Take every line from the records below that includes the word "Dior".

*** Block opens ***

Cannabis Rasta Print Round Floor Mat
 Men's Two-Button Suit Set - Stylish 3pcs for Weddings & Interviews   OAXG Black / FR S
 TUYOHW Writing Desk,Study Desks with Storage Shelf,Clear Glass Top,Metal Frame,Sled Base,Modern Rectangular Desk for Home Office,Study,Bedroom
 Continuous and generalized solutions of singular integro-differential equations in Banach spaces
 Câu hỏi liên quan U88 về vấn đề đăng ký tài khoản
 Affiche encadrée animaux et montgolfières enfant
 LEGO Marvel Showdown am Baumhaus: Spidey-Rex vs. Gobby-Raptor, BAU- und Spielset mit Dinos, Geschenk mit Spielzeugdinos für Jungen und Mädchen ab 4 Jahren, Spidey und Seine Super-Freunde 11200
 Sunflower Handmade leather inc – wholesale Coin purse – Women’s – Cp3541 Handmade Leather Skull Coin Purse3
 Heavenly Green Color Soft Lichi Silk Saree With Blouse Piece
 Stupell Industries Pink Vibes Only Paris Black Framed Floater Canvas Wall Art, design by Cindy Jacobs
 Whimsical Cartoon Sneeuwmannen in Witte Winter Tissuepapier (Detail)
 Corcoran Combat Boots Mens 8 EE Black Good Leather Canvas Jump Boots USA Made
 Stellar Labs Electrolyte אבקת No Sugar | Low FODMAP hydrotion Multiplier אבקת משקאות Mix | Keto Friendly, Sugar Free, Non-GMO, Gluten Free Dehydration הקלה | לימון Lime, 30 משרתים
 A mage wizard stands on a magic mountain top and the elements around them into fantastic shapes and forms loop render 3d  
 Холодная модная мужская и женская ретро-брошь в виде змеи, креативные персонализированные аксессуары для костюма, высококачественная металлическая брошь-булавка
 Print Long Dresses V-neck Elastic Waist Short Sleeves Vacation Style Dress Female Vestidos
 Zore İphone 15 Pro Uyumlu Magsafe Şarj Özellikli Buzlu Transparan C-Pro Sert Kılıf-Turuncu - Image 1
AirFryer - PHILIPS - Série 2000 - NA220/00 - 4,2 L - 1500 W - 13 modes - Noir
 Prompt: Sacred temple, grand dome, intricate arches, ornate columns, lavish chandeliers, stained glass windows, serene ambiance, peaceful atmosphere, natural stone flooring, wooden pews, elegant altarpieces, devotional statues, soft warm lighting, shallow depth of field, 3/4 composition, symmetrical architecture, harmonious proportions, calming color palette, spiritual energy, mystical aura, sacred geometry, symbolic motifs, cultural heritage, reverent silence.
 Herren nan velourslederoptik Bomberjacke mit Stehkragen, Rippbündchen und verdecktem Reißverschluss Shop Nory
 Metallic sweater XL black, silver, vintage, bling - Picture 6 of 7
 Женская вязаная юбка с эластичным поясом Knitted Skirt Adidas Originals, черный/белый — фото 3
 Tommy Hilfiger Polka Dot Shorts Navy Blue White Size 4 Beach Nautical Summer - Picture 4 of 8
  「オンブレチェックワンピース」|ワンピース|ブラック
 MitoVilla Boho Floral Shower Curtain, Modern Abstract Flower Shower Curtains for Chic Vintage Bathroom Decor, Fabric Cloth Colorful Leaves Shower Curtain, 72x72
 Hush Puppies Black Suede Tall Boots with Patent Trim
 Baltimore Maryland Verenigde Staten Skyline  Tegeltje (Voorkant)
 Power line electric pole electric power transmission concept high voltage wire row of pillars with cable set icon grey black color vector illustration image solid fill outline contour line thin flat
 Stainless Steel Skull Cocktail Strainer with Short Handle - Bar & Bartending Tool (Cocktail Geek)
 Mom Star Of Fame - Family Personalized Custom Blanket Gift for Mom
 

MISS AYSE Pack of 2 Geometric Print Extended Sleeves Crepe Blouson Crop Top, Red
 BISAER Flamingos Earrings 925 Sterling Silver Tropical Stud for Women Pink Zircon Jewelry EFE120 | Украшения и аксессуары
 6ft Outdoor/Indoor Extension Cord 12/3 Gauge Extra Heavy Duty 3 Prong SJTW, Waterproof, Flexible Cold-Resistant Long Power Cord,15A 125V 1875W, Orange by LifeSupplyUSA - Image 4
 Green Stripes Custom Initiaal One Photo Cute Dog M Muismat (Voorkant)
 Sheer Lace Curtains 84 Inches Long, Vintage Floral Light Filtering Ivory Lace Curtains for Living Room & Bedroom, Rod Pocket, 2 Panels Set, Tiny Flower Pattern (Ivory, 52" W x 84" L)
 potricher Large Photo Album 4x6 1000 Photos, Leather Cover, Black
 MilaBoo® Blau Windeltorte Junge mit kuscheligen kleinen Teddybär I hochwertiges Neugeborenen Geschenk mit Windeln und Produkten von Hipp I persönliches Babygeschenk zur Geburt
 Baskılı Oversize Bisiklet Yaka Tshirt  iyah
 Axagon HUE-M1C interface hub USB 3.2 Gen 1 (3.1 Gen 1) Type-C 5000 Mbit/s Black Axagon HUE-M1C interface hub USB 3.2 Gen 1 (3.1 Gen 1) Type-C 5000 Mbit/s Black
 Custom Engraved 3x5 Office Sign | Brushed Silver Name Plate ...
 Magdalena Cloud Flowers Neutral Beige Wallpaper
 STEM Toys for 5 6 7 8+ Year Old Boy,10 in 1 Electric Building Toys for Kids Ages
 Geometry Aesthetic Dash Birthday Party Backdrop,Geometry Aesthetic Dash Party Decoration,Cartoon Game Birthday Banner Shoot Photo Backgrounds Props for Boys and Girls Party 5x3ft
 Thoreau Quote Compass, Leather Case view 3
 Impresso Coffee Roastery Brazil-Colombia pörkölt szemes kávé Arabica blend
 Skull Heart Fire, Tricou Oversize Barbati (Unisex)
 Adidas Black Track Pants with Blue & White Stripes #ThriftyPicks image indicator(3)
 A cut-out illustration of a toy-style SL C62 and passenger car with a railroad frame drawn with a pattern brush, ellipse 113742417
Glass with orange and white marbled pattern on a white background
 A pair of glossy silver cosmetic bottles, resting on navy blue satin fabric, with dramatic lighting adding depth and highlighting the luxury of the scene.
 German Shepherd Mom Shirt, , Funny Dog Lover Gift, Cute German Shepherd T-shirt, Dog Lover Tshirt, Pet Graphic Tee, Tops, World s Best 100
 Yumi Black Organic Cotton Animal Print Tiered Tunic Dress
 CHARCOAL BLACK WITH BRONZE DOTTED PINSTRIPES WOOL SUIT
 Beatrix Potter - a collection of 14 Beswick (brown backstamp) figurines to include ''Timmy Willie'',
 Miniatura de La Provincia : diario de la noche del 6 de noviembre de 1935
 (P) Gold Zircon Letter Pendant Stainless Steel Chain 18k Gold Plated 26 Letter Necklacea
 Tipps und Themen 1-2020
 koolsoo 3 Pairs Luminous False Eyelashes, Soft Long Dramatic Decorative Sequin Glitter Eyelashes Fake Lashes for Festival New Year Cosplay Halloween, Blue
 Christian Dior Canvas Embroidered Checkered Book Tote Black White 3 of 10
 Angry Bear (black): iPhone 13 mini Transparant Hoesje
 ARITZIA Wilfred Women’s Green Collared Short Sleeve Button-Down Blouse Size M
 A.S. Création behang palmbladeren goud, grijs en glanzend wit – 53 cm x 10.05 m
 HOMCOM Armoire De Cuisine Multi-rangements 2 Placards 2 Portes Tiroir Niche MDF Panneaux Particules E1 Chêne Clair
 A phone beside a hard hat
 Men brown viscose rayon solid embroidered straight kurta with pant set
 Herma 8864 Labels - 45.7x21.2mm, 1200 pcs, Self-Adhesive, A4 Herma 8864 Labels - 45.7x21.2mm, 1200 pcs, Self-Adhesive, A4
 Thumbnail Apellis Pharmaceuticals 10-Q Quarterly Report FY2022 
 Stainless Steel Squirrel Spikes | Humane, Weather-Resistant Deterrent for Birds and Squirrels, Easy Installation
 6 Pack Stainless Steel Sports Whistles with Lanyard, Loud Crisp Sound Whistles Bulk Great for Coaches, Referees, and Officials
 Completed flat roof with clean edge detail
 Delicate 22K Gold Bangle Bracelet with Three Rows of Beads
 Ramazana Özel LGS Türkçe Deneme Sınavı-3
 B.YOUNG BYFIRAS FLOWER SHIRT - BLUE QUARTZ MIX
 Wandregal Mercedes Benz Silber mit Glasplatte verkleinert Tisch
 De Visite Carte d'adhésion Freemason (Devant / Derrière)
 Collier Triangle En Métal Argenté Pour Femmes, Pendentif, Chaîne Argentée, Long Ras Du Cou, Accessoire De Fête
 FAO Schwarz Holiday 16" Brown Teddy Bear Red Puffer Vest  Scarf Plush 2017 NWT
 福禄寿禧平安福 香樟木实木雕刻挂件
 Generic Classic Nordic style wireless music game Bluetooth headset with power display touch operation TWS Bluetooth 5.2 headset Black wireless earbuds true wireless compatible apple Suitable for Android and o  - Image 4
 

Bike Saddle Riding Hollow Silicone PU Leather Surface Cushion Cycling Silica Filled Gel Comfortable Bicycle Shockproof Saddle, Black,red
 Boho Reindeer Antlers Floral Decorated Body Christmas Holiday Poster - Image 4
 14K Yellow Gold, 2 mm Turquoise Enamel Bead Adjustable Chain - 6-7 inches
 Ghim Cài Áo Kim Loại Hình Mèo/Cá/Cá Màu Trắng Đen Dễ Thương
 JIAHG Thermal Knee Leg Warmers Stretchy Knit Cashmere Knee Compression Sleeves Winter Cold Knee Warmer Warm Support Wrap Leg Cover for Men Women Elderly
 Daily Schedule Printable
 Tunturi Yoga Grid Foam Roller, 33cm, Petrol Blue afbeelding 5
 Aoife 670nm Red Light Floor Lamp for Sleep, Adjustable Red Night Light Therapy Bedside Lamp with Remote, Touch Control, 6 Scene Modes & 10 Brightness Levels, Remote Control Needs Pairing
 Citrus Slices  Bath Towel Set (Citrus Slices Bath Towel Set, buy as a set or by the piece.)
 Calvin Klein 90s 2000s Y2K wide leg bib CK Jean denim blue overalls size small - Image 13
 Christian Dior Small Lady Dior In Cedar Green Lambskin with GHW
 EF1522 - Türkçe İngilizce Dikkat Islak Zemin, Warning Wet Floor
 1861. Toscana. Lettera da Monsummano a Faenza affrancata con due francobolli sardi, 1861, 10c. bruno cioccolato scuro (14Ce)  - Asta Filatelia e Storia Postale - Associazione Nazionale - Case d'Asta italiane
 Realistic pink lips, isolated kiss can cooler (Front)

*** Block closes ***

> _Result of this task_
 Christian Dior Canvas Embroidered Checkered Book Tote Black White 3 of 10
 Christian Dior Small Lady Dior In Cedar Green Lambskin with GHW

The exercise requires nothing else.